▸ **DATA LISTING**:
__________

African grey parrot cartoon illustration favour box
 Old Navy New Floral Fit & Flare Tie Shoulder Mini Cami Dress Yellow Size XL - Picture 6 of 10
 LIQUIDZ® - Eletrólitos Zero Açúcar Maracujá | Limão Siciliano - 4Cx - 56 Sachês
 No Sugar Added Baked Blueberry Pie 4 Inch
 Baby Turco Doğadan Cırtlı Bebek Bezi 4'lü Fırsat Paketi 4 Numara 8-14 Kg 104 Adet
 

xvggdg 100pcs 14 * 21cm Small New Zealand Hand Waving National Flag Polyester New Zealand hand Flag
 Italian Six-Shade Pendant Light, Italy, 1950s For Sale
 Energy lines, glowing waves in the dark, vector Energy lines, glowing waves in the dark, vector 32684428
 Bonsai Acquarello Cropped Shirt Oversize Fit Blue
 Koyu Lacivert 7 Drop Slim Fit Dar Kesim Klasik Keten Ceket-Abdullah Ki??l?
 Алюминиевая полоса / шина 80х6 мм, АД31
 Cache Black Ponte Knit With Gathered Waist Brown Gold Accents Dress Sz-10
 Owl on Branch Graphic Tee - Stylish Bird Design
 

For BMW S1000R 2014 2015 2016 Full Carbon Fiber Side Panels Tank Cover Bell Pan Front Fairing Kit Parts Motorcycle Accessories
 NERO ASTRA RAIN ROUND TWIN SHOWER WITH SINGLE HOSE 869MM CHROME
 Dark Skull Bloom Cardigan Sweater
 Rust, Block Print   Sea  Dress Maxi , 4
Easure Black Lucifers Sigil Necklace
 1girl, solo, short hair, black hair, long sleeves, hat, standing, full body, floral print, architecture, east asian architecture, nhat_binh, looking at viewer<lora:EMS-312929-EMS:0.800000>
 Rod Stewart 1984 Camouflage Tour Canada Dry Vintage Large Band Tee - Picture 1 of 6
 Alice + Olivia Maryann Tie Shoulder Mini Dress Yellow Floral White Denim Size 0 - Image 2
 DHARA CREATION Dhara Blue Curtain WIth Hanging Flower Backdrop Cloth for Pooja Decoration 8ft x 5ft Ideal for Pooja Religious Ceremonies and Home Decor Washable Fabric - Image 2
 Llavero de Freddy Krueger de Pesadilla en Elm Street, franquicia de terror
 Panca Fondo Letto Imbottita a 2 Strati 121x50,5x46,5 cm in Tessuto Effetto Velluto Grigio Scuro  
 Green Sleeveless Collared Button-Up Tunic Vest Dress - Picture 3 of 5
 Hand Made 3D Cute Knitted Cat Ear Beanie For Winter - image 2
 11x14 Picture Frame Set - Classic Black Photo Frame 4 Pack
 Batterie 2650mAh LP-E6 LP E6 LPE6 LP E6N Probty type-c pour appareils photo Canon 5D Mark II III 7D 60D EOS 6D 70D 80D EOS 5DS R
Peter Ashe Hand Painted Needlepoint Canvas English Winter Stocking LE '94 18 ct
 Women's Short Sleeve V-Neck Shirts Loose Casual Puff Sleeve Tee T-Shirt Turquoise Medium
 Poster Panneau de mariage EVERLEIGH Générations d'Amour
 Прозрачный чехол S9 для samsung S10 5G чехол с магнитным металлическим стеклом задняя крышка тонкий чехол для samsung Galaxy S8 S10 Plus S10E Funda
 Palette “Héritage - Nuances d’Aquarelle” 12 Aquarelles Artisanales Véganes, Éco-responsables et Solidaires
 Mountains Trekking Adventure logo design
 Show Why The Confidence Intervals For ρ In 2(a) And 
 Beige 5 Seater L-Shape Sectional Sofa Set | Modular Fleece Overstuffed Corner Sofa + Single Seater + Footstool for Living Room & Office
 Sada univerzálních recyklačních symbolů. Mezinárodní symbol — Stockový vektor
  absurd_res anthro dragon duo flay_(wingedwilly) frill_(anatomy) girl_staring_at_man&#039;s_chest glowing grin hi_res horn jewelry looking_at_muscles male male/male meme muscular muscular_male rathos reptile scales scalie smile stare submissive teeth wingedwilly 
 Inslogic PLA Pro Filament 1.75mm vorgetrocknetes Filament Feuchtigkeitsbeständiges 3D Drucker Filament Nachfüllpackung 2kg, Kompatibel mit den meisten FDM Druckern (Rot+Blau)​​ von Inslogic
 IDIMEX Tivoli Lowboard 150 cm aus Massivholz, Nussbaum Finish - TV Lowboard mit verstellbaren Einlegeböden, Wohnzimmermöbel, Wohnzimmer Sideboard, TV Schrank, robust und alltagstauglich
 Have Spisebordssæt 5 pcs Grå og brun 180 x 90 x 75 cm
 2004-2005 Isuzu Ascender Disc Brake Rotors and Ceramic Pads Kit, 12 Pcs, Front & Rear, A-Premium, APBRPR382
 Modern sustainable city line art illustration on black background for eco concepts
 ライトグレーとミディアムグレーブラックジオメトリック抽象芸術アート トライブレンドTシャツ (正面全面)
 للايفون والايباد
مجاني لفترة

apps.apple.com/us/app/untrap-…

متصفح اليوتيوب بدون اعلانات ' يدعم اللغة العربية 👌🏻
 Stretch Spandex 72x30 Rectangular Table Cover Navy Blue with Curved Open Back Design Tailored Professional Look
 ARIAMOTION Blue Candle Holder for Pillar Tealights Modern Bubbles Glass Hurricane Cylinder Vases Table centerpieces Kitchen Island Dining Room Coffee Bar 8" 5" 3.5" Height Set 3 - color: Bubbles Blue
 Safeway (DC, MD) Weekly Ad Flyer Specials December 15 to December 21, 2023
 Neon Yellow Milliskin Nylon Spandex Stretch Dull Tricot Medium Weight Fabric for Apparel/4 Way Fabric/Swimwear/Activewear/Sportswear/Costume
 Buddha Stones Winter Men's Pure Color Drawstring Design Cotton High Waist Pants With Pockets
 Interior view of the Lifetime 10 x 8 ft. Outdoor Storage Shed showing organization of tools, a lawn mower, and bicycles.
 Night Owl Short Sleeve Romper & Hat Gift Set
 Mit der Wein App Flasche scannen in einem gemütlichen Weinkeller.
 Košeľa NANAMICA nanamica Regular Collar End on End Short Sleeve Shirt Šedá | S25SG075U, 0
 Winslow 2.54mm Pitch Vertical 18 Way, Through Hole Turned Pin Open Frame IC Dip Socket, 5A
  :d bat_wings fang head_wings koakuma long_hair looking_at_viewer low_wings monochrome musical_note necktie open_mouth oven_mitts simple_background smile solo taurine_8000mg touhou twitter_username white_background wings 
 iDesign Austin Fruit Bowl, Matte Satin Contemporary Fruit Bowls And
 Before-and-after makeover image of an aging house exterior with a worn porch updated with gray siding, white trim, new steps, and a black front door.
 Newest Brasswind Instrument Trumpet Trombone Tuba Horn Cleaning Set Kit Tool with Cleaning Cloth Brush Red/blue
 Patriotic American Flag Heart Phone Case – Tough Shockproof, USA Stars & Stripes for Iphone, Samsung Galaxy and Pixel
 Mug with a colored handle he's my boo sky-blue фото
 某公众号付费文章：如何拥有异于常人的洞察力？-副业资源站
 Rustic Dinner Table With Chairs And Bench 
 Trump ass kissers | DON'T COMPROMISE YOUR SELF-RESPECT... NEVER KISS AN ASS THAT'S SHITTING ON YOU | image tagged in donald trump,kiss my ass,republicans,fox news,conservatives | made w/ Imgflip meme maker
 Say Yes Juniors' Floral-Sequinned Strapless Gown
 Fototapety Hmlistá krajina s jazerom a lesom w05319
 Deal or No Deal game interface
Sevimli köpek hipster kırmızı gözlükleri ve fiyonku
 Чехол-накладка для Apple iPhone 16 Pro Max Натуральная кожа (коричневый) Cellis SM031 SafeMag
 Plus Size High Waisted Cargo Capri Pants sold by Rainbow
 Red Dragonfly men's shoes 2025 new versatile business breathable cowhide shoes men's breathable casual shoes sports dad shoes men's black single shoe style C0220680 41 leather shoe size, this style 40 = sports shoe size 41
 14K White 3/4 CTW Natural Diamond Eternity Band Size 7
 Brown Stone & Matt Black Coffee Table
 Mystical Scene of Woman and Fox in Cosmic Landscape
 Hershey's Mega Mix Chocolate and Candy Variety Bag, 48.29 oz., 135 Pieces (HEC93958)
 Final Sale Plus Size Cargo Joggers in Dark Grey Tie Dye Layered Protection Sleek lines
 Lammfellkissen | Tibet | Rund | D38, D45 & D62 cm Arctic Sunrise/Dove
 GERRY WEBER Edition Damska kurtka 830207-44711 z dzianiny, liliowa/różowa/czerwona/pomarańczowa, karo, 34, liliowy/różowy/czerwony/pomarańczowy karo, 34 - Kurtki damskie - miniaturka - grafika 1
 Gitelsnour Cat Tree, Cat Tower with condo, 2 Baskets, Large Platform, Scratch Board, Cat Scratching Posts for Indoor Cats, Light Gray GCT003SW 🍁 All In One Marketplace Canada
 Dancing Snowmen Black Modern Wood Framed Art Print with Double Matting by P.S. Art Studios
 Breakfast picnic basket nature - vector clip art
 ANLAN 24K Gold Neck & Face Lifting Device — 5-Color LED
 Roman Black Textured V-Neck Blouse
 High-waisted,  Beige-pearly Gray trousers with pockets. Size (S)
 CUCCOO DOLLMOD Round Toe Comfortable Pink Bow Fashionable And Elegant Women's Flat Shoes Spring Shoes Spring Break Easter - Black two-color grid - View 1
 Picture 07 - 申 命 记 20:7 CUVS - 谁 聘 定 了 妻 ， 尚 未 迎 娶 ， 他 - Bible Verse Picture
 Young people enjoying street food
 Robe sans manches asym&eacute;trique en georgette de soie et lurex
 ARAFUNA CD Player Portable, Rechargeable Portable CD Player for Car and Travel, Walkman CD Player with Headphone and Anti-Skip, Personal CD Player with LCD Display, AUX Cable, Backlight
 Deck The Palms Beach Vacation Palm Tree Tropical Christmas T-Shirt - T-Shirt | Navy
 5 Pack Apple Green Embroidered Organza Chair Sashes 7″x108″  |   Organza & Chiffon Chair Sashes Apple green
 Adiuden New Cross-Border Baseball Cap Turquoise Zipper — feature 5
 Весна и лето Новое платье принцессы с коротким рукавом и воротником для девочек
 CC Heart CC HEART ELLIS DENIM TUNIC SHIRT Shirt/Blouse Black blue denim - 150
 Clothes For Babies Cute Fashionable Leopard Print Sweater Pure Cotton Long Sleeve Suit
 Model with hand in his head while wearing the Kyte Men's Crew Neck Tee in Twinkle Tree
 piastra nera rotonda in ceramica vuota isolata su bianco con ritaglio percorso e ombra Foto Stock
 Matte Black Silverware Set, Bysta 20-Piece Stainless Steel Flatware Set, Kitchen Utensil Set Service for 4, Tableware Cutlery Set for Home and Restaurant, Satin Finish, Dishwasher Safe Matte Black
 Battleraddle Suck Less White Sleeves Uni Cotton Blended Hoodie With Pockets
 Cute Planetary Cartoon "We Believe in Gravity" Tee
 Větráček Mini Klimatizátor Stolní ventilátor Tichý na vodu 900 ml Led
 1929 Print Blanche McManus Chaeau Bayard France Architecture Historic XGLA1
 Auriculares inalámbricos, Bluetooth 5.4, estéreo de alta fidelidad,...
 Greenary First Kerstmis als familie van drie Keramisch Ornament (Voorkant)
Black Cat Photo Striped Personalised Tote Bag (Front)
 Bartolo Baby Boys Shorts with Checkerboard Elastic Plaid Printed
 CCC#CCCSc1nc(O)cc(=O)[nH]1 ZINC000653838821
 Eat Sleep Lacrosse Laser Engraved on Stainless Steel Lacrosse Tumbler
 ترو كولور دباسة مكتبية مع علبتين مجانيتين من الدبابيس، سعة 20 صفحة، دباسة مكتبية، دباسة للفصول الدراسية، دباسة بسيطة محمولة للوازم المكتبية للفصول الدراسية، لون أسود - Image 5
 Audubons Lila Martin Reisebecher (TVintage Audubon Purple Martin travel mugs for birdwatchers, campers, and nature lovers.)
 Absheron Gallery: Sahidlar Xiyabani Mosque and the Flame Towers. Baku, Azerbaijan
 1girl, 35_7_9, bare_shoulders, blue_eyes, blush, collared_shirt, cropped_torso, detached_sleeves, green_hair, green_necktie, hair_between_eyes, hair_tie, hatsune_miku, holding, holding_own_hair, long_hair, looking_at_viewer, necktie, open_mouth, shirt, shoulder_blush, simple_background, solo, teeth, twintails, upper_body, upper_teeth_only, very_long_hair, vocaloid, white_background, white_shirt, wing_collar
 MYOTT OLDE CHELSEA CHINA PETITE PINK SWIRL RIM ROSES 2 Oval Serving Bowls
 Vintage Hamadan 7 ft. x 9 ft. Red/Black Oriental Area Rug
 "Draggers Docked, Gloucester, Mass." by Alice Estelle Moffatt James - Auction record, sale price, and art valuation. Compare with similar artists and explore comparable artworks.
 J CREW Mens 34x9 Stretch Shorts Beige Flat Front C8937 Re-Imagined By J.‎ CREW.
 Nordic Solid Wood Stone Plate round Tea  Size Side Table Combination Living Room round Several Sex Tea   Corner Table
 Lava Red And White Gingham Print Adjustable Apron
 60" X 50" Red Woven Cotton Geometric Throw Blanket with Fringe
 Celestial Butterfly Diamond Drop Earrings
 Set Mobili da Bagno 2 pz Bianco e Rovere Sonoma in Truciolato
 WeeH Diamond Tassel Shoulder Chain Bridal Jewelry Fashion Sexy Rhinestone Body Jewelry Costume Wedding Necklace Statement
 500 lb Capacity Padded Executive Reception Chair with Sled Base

__________

Lines before the one containing "explore comparable artworks." are left out. Repeat that line and all lines after it in the records above exactly.

 "Draggers Docked, Gloucester, Mass." by Alice Estelle Moffatt James - Auction record, sale price, and art valuation. Compare with similar artists and explore comparable artworks.
 J CREW Mens 34x9 Stretch Shorts Beige Flat Front C8937 Re-Imagined By J.‎ CREW.
 Nordic Solid Wood Stone Plate round Tea  Size Side Table Combination Living Room round Several Sex Tea   Corner Table
 Lava Red And White Gingham Print Adjustable Apron
 60" X 50" Red Woven Cotton Geometric Throw Blanket with Fringe
 Celestial Butterfly Diamond Drop Earrings
 Set Mobili da Bagno 2 pz Bianco e Rovere Sonoma in Truciolato
 WeeH Diamond Tassel Shoulder Chain Bridal Jewelry Fashion Sexy Rhinestone Body Jewelry Costume Wedding Necklace Statement
 500 lb Capacity Padded Executive Reception Chair with Sled Base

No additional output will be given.